The experimental results are shown in Table 5. Our method performed well in two multiplayer games: 3-NH and 6-NH. For the NFSP-PER, the average return won in 20,000 games on the 3-NH was 58.3802 ± 1.12 $bb/h$ and 11.3967 ±1.42 $bb/h$, respectively. The average return won in 20,000 games on the 6-NH was 84.5855 $bb/h$ and 28.5454 ± 2.18 $bb/h$, respectively. For the NFSP-PLT, the average return won in 20,000 games on the 3-NH was 61.3869 ± 1.08 $bb/h$ and 11.7747 ± 1.42 $bb/h$, respectively. The average return won in 20,000 games on the 6-NH was 85.4392 $bb/h$ and 47.0840 ± 0.32 $bb/h$, respectively. In this experiment, for NFSP-UCT, we found that, as the number of players increased, more was lost. Compared with the three-player game 3-NH, more was lost in the six-player game 6-NH. This further shows that our previous analysis is reasonable. That is, in a larger game, the UCT in NFSP-UCT can not be simulated well under limited conditions, which results in a poor final strategy. In addition, we found that the performance of NFSP-PLT is better than that of NFSP-PER in both the three-player game 3-NH and six-player game 6-NH. The reason for this is that, compared with NFSP-PER, NFSP-PLT wins more returns when playing games with the same comparison method, which further verifies the effectiveness of NFSP-PLT.

After the previous comparative experiments, in general, our proposed method has indeed improved sample utilization efficiency compared to existing methods. Moreover, the introduction of adaptive UCT further improves the performance of the solving strategy. The experimental results also demonstrate that our method can effectively solve two-player and multiplayer strategies in the field of IIGs. Of course, there are still some areas for improvement in our method. Firstly, the computation time still needs to be reduced. Although our strategy performance has improved after the introduction of UCT, it still requires considerable computational resources and time. Secondly, our method lacks theoretical guarantees in multiplayer games. Although NFSP has theoretical guarantees in two-player games that the strategy is an approximate Nash equilibrium strategy, there is no theoretical guarantee in multiplayer games, and the method we proposed is also the same. Finally, the proposed method has only been validated in poker games, especially in Texas Hold’em poker, and its expansion to other types of applications requires further research.

5.3. Experimental Results

In order to verify the effectiveness of the method proposed in the paper, we conducted experiments in this section. First, we verified the effectiveness of the proposed methods NFSP-PER and NFSP-PLT, respectively. The method we proposed improves the efficiency of sample utilization, which is embodied in the training process. To this end, we conducted a game evaluation on the training process methods of Leduc and HUNL. Specifically, 50,000 rounds of training were conducted on the Leduc and the HUNL platforms for NFSP-PER, NFSP-PLT and NFSP-UCT agents, respectively. During the training process, a conduct evaluation was carried out, with random agents every 1000 rounds. A total of 10,000 games were conducted for each evaluation. The reward curve of the three agents playing with random agents in Leduc and the HUNL is shown in Figure 2.

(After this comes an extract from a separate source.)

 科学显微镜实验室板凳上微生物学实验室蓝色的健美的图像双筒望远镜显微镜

As shown in Figure 2a in the Leduc, the three different agents have little difference in game level during training, and NFSP-PER and NFSP-PLT are slightly dominant. As shown in Figure 2b in the HUNL, the game level of NFSP-PER and NFSP-PLT greatly improved compared with NFSP-UCT. At the same time, in the late stage of training, NFSP-PLT won the most returns and the highest level of intelligence. The experimental results fully verify the effectiveness of our proposed method.

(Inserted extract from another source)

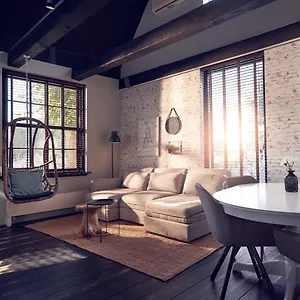 https://huisjes-aan-de-amstel-your-home-away-from-home.utrechthotels.net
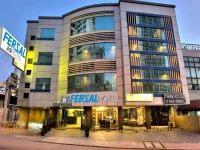 Fersal Hotel Neptune Makati 3*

Secondly, we conducted experiments on the HUNL to test the effectiveness of the adaptive UCT algorithm. The traditional UCT algorithm usually specifies a fixed number of iteration rounds in the iterative solution strategy. However, the limited iteration time, which is set manually, often cannot meet the actual needs. There is a contradiction between the accuracy of gamestate evaluation and the limited iterative simulation time, and both of them are crucial for solving game strategies. When measuring the influence of adaptive threshold and confidence on the strategy solution, the baseline algorithm selected is $UCT\_3000$; that is, the UCT algorithm with a fixed number of iterations of 3000.

By setting different adaptive thresholds and confidence levels to match with $UCT\_3000$ for comparative experiments, the solution accuracy and time consumption of the adaptive UCT algorithm was obtained with different thresholds and confidence levels, as shown in

Table 6. Ablation results of adaptive UCT.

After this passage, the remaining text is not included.